8.       REPRESENTATIONS, WARRANTIES AND COVENANTS

         8.1      REPRESENTATIONS AND WARRANTIES

                  By signing the Agreement and (in relation to Clauses 3 and 4)
                  before each Supplier Invoice or Receivable, Acquired
                  Receivable or VAT Receivable is purchased or Prepayment is
                  made you represent and warrant (or are deemed to represent and
                  warrant) to us as follows:

                  8.1.1    VALIDITY

                           Each of the Loan Parties, your parent company, and
                           each of its subsidiaries is duly organised, is
                           validly existing and has the full power, authority
                           and legal right, including compliance with any
                           governmental and other consents, licenses and
                           authorisations, to conduct its business and to enter
                           into this Agreement. This Agreement and any Liens or
                           other documents provided in relation to the
                           Receivables, Acquired Receivables and VAT Receivables
                           and the Receivables Rights and the Products and the
                           Product Rights are legal, valid and binding
                           obligations upon you and do not contravene any other
                           agreement or obligation.

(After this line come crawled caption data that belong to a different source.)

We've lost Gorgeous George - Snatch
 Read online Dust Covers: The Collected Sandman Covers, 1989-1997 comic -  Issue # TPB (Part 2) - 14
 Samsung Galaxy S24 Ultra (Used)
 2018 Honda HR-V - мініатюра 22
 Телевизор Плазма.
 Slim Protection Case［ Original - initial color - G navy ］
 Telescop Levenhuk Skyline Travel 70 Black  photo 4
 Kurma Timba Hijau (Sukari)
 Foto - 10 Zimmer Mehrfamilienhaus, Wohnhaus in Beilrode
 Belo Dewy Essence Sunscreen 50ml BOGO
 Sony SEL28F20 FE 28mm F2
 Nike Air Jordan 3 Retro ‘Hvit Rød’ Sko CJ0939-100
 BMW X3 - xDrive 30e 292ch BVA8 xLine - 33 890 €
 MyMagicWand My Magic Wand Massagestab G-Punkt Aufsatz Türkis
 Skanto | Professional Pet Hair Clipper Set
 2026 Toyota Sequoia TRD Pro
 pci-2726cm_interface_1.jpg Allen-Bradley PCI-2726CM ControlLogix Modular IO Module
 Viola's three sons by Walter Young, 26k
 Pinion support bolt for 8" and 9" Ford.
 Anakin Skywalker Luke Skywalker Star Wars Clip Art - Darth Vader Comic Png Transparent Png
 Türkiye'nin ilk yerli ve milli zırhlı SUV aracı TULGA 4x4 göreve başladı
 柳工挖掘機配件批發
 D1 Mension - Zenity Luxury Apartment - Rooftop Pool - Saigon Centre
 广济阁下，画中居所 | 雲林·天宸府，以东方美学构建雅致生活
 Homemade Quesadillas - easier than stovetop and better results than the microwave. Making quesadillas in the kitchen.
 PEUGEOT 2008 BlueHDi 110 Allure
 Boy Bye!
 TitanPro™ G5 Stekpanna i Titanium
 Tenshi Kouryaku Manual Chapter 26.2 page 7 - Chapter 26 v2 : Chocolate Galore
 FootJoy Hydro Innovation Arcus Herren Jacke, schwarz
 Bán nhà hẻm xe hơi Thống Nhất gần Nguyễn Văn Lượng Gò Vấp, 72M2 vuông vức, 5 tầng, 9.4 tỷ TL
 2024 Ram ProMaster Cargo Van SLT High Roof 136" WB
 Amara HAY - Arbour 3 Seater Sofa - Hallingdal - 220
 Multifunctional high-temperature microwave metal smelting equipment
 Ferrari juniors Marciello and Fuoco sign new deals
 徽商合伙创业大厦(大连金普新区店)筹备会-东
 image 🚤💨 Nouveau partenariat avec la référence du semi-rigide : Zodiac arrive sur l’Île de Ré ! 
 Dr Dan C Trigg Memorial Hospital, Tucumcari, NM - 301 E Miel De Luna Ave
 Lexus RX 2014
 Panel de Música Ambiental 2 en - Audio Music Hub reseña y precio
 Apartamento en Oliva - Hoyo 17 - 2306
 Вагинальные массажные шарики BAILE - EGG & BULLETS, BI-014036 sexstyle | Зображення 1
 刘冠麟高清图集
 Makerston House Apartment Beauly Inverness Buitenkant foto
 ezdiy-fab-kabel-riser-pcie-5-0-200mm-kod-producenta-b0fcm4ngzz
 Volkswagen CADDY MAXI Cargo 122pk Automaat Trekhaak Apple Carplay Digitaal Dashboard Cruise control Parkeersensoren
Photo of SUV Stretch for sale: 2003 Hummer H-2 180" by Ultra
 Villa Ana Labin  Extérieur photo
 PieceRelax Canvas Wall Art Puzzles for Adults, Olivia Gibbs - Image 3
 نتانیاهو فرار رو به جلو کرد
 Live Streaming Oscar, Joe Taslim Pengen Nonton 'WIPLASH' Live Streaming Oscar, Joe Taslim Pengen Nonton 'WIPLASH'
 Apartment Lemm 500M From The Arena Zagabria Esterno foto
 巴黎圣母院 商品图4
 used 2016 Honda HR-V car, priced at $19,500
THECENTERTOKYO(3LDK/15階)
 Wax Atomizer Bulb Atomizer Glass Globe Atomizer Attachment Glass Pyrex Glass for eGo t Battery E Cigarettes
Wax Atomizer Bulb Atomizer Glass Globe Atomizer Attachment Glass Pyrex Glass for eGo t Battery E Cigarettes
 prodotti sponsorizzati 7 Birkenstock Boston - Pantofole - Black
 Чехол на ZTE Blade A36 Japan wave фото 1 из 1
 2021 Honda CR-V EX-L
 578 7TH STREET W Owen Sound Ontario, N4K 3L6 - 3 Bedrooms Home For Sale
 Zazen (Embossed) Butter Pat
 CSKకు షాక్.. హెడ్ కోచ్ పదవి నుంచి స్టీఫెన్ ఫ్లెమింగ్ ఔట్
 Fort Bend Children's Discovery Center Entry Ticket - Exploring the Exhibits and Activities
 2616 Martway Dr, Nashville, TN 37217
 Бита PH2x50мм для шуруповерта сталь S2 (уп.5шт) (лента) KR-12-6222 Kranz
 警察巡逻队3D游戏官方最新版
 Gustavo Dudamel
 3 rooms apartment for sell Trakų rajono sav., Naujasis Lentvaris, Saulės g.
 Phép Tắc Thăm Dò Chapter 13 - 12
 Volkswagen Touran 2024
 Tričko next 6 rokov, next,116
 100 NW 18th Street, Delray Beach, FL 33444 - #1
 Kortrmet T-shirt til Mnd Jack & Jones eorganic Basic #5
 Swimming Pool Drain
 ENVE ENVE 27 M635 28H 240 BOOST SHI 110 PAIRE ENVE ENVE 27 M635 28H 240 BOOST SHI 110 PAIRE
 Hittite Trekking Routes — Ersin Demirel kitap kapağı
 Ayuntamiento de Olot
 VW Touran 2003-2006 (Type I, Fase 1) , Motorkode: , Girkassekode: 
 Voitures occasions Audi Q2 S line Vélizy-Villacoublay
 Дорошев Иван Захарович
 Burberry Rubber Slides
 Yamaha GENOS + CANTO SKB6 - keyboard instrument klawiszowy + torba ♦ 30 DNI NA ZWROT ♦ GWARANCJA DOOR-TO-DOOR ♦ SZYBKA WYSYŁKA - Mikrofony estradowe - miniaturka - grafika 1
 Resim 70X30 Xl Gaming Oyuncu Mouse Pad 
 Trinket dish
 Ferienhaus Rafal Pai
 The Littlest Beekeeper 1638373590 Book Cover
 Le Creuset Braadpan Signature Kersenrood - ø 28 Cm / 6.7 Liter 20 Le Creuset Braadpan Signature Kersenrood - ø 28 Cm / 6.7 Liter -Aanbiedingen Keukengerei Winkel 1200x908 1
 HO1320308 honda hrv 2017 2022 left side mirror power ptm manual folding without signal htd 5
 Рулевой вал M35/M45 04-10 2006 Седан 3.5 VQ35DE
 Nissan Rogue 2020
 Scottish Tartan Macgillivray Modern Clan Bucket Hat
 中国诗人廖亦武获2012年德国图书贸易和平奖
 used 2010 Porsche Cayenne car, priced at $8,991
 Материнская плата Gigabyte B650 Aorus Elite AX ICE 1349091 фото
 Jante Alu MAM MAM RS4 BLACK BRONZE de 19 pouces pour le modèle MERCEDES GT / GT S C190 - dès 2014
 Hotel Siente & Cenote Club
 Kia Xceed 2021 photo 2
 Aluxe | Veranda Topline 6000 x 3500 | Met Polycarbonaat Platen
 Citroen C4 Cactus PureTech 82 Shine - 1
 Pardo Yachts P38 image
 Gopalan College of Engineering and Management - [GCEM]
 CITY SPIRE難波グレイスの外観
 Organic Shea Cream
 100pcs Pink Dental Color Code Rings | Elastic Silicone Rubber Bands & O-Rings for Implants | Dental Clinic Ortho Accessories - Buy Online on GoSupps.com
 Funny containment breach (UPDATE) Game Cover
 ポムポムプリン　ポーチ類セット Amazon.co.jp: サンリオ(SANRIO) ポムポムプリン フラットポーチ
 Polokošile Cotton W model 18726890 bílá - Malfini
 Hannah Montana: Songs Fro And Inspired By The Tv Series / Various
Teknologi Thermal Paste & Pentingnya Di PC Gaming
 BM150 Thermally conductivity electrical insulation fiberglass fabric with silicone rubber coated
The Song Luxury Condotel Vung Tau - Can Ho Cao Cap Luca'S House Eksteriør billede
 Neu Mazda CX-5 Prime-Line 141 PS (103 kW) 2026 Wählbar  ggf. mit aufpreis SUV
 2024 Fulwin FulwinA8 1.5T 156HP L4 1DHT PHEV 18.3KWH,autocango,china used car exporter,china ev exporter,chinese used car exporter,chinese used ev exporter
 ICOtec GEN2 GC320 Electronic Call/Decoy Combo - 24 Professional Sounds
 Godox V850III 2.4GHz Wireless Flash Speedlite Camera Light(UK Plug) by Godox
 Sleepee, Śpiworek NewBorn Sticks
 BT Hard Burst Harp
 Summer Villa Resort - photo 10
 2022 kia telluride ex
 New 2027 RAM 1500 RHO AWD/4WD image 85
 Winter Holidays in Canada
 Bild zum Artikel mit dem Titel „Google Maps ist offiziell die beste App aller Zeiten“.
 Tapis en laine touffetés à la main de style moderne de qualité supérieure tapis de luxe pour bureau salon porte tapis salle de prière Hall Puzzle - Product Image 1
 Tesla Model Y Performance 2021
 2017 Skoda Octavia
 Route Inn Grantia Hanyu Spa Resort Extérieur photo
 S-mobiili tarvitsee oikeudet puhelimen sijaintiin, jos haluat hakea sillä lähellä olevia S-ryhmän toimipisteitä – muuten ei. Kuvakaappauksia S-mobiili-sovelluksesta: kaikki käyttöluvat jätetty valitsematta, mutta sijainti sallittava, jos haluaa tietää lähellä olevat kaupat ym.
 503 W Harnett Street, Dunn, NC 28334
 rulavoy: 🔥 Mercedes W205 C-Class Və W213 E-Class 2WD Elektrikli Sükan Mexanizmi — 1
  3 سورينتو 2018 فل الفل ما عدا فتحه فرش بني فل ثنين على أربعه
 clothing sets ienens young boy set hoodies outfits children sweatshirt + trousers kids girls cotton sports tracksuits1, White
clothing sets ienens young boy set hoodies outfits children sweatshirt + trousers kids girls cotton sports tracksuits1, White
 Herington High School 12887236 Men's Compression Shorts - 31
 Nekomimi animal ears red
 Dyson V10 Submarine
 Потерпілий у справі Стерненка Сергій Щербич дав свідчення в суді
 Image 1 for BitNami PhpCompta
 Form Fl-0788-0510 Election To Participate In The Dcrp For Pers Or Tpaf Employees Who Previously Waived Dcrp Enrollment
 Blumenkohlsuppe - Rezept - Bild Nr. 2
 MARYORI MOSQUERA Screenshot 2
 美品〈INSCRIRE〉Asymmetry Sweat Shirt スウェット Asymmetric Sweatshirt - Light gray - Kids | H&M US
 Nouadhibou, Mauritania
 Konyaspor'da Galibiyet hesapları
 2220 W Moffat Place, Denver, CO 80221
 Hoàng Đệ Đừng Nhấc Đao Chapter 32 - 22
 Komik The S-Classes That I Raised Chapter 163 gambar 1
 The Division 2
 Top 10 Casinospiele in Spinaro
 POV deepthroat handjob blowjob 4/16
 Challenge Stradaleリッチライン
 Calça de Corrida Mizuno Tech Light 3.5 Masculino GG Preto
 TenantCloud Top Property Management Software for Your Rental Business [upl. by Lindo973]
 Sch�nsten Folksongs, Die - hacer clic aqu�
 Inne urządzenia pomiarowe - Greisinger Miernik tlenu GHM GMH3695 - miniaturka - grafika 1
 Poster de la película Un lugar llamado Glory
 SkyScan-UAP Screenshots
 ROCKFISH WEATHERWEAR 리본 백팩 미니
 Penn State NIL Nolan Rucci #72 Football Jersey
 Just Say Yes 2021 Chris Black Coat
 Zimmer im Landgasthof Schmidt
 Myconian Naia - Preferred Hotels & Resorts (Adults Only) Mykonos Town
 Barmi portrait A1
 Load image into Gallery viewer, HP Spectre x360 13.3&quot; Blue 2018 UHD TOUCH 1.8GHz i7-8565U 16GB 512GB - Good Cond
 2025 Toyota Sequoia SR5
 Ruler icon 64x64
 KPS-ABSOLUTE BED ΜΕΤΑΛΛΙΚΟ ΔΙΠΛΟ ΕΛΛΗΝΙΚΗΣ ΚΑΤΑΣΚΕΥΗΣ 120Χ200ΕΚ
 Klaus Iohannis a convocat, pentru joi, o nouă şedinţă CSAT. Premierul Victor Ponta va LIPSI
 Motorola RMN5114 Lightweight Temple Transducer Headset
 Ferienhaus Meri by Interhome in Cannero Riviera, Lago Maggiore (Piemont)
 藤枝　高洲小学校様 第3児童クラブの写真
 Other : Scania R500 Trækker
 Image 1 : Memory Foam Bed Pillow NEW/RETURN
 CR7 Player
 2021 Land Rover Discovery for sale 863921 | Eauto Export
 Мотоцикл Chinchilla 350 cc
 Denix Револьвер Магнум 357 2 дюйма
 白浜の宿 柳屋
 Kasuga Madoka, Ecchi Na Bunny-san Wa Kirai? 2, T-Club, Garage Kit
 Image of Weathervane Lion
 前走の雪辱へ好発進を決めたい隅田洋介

                  8.1.2    ACTIONS, PROCEEDINGS

                           No significant or material judgements, orders, writs
                           or decrees are outstanding against any Loan Party nor
                           is there pending nor, to the best of the Loan
                           Parties' knowledge after due inquiry, threatened, any
                           material litigation, contested claim, investigation,
                           arbitration, or taxation or governmental proceeding
                           by or against a Loan Party, nor is any Loan Party in
                           default of, nor engaged in, any significant or
                           material dispute under any agreement or document. If
                           any dispute does arise such Loan Party undertakes to
                           inform us and promptly resolve it.